#### Input records

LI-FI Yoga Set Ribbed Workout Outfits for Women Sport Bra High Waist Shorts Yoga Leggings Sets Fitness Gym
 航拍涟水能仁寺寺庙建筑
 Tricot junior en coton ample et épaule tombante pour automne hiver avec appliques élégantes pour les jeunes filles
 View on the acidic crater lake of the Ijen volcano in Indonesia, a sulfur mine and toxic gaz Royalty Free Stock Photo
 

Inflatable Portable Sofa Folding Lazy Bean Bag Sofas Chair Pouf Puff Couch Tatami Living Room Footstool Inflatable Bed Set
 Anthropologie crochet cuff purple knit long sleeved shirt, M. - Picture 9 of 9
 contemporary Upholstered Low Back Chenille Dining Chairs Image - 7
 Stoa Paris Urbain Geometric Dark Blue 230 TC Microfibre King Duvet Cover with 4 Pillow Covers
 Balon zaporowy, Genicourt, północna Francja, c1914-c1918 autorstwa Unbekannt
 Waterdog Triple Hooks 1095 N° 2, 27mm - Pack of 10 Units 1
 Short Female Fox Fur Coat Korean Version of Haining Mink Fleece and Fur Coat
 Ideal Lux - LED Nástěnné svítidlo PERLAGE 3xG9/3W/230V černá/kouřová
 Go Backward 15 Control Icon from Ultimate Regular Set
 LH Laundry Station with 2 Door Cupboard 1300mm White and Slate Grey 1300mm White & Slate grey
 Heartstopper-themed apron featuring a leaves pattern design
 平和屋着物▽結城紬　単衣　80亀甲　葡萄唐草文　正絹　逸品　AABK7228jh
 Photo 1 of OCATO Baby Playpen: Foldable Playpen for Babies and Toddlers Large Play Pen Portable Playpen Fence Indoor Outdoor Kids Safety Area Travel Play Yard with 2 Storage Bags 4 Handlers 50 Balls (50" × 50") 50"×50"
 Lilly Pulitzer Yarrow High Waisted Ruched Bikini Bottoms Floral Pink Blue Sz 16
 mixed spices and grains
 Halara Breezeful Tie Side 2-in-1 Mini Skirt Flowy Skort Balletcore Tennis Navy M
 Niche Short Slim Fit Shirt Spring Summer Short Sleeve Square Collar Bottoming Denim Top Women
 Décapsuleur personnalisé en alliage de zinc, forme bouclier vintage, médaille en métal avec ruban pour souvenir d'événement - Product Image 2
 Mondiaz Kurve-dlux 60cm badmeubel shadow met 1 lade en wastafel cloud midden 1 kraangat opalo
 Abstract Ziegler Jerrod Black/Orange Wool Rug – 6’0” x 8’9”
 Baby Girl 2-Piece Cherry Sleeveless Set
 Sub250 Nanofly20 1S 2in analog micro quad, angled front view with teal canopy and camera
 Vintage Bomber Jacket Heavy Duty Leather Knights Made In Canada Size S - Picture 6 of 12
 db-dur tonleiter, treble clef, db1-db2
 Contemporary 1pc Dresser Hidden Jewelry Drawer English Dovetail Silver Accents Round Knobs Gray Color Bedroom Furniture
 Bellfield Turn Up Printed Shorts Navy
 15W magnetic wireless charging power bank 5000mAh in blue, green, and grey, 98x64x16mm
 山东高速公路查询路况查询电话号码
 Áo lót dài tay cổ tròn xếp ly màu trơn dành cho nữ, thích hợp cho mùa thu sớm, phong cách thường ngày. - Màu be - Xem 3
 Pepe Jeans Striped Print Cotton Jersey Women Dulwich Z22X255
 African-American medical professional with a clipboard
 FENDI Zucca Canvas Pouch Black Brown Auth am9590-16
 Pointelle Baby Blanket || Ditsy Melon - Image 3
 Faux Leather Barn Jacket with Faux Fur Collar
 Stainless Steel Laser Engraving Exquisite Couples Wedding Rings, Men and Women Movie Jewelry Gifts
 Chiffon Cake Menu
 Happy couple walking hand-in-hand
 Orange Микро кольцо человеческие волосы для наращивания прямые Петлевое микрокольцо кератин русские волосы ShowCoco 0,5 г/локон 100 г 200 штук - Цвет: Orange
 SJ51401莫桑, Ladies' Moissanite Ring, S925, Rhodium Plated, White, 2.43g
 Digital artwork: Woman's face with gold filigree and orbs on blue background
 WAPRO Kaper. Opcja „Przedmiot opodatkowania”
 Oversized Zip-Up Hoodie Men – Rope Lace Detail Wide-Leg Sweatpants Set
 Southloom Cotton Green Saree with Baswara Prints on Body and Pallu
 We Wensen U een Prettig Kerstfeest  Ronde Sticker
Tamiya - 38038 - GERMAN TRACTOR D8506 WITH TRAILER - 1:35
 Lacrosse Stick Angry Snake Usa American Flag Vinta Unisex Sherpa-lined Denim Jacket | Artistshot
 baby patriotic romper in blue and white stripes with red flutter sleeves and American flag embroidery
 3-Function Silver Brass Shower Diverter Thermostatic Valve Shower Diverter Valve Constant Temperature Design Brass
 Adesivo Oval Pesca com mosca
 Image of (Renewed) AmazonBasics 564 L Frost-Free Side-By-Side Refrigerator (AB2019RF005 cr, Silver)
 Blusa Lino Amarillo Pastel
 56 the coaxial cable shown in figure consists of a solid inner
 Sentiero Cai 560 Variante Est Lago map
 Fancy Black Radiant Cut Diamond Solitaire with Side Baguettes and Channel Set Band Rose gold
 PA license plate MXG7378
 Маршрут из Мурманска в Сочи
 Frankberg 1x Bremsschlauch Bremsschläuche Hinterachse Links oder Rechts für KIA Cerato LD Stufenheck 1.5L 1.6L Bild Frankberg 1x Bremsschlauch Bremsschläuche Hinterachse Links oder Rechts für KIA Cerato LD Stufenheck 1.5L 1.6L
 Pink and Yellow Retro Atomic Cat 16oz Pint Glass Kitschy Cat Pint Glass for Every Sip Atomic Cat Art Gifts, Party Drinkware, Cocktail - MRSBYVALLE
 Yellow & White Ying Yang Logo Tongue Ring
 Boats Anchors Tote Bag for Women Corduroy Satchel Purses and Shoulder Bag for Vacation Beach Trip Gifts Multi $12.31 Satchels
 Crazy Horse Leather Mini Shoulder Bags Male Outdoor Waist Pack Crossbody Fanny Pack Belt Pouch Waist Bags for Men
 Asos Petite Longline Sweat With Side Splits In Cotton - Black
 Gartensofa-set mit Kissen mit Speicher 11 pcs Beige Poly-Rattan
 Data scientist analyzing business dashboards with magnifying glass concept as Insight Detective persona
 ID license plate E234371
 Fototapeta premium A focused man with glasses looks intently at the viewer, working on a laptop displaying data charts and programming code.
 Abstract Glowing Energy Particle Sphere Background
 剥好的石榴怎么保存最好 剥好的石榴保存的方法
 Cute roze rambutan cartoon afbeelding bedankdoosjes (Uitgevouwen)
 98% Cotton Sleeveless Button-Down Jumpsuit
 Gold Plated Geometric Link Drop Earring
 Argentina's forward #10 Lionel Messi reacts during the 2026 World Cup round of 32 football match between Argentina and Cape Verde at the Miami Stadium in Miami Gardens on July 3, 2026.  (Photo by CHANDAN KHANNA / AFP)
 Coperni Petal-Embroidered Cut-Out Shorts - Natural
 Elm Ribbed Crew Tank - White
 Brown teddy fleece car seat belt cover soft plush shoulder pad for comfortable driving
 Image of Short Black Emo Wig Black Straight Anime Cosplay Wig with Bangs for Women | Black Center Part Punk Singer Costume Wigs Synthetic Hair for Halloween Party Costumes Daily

########

> [Work to complete]: Once you have gone through the listing, state the number of lines holding the word "Silver" and nothing else.

> [Task result]: 3